> **Recorded information**:
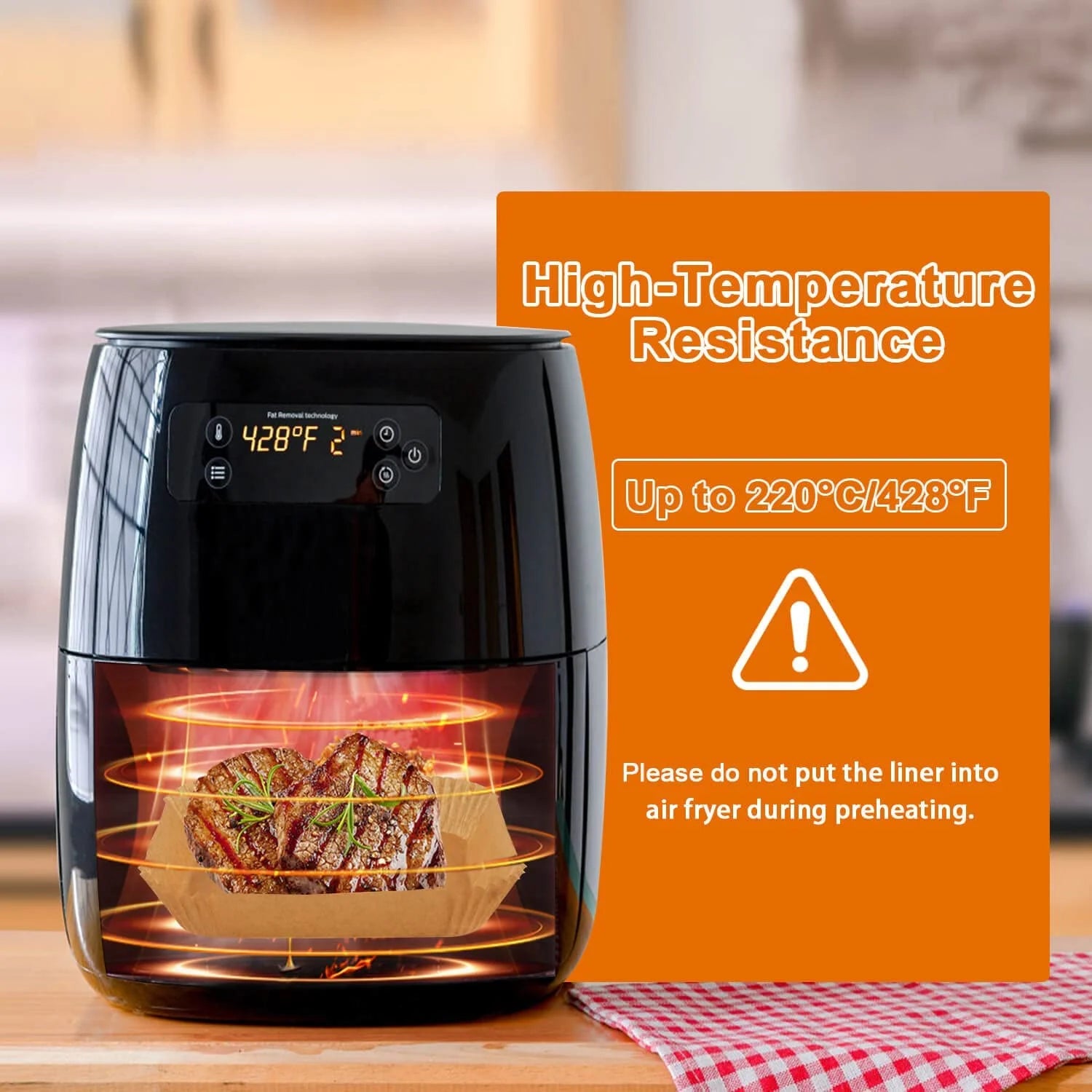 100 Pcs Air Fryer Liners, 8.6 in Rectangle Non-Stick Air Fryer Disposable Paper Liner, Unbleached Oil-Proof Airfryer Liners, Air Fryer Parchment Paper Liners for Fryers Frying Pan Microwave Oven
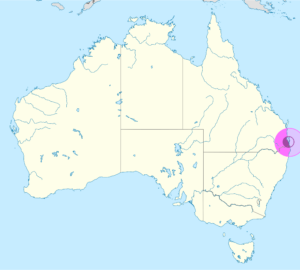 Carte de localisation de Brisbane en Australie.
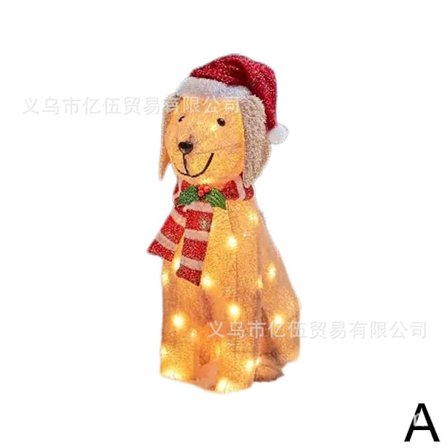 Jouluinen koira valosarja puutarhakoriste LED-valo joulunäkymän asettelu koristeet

> **What you will do**: The data above should be returned in full, exactly as written, apart from its images.

> **Exercise result**:
 100 Pcs Air Fryer Liners, 8.6 in Rectangle Non-Stick Air Fryer Disposable Paper Liner, Unbleached Oil-Proof Airfryer Liners, Air Fryer Parchment Paper Liners for Fryers Frying Pan Microwave Oven
 Carte de localisation de Brisbane en Australie.
 Jouluinen koira valosarja puutarhakoriste LED-valo joulunäkymän asettelu koristeet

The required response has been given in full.